Duncan B. Hollis is a Professor of Law at the Temple University Beasley School of Law. Professor Hollis’s scholarship focuses on treaties, interpretation, and cyberspace. He recently published (with Allen Weiner) the 7th edition of International Law, one of the leading U.S. textbooks on the subject. Hollis is editor of the Oxford Guide to Treaties (Oxford University Press, 2012), which was awarded the 2013 ASIL Certificate of Merit for High Technical Craftsmanship and Utility to Practicing Lawyers, as well as National Treaty Law and Practice (Martinus Nijhoff, 2005), which offered a comparative perspective on how nineteen nation states engage with treaties in their domestic systems. Professor Hollis’s articles have covered a range of subjects implicating U.S. foreign relations law as well as others that examined the role of interpretation in international law and the challenges of regulating global cybersecurity.
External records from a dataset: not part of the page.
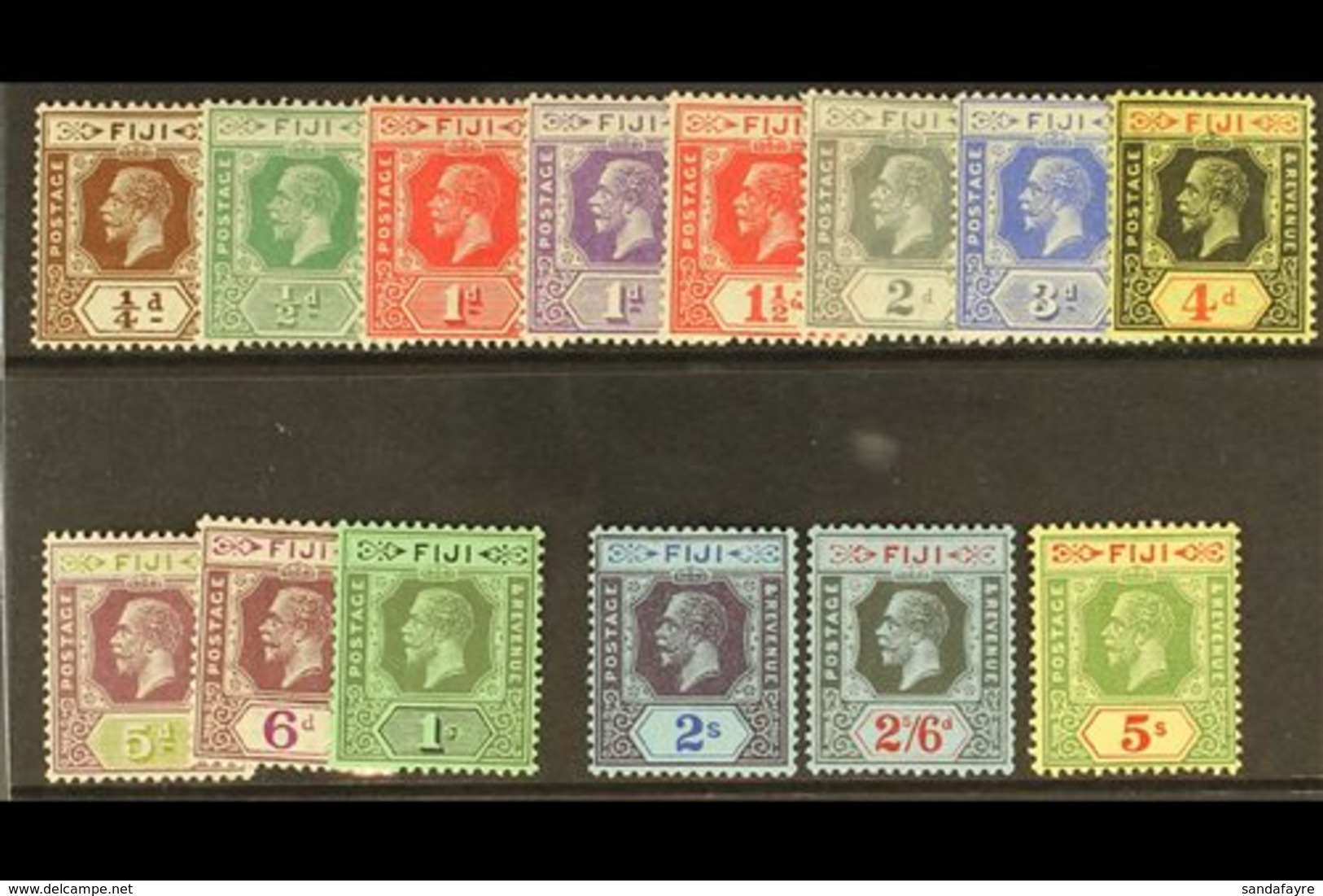 1922-27  Complete Script Watermark Set, SG 228/241, Very Fine Mint. (14 Stamps) For More Images, Please Visit Http://www - Fiji (...-1970)
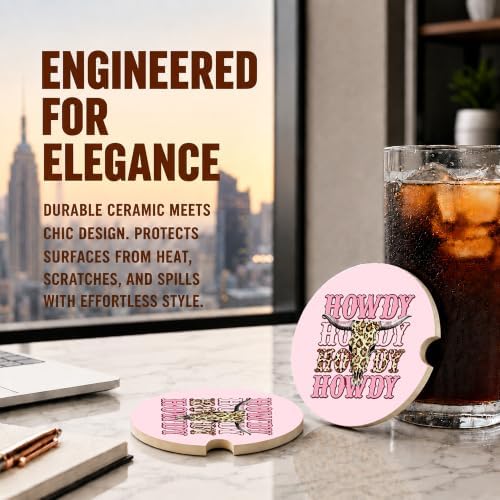 Pink Western Cowgirl Car Coasters, Howdy Retro Coquette Cup Holders - Image 5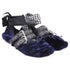 Women's Miu Miu Double-Buckled Self-Tie Ballet Flats in Navy Blue Velvet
A former Attorney-Adviser at the U.S. Department of State, Professor Hollis is a Non-Resident Scholar at the Carnegie Endowment for International Peace and a member of the American Law Institute, where he serves as an Adviser on its project to draft a Fourth Restatement on the Foreign Relations Law of the United States. He is also an elected member of the OAS’s Inter-American Juridical Committee, serving as its Rapporteur on Binding and Non-Binding Agreements. Over his career, Professor Hollis has participated in various forms of international litigation and arbitration. He is currently counseling companies like Microsoft on international legal issues arising in cyberspace.